The developers say users will be able to explore their own emotions and relationships, which include everything from personal life to work situations. They think that with links to Facebook and Twitter the emotional examinations could become another tool in social networking. It could even improve productivity by cutting down on wasted time.
“Our research into this new dimension of human insight started in 1995 with the understanding that it’s not ‘what we say’ but HOW we say it.” said a company spokesman. The technology has received four US patents, as well as “industry and academic recognition.”
The research behind the app combined the work of physicists, neuroscientists and psychologists. They sampled the voices of more than 70,000 people in over 30 languages to get an emotional speech database.
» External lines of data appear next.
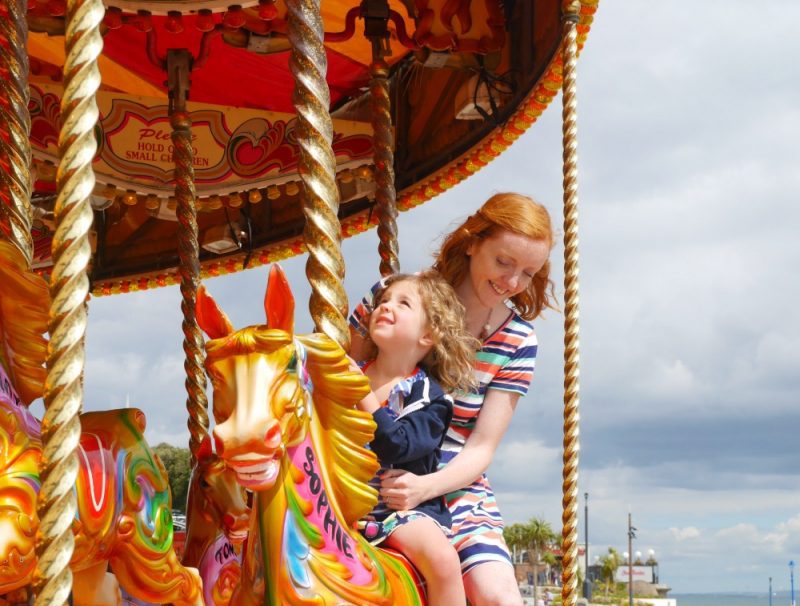 Carousel ride on holiday - tips for stress-free train travel with small children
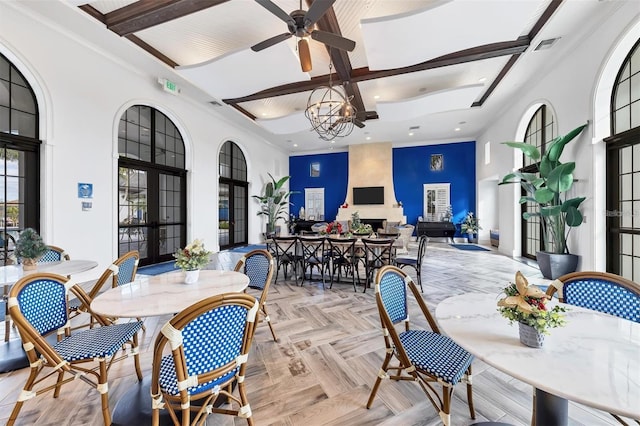 dining area featuring beam ceiling, french doors, recessed lighting, visible vents, and a high ceiling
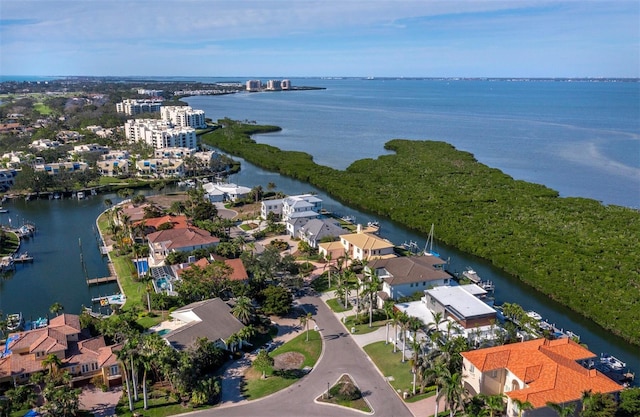 bird's eye view with a water view and a residential view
So, why do the creators believe it is so important, and will make groundbreaking changes to how humans interact with their electronic toys? Because it is the only “full-spectrum and real-time emotions solution,” as the company’s website explains.
The problem was simple: other voice recognition software like Google Voice or Siri, for instance, do not take intonation into account and, therefore, a vast number of searches end in frustration. Because how is a robot to break your thought down into a coherent sentence and pick out the most important part?
Beating that neuropsychological barrier would have uses in a whole range of activities – from user-tailored advertising to cutting down the amount of communication and time wasted in crucial situations, to interacting with your computer or consumer electronics.
There are other tech companies joining in on the human-machine interaction revolution. There is facial expression recognition software being developed, and the technology has already partially entered the phone market, with a new Samsung phone using a totally different approach to sensing your emotions – gauging how you use your phone, from the speed at which you type to measuring how much the device shakes during use.
The 'Moodies' software relies exclusively on voice input. Those that have already had the opportunity to test it say it is remarkable how impossible it is to cheat.
And as the software gets used more the technology in the system, called the voice engine, “learns” and its results can become more and more accurate.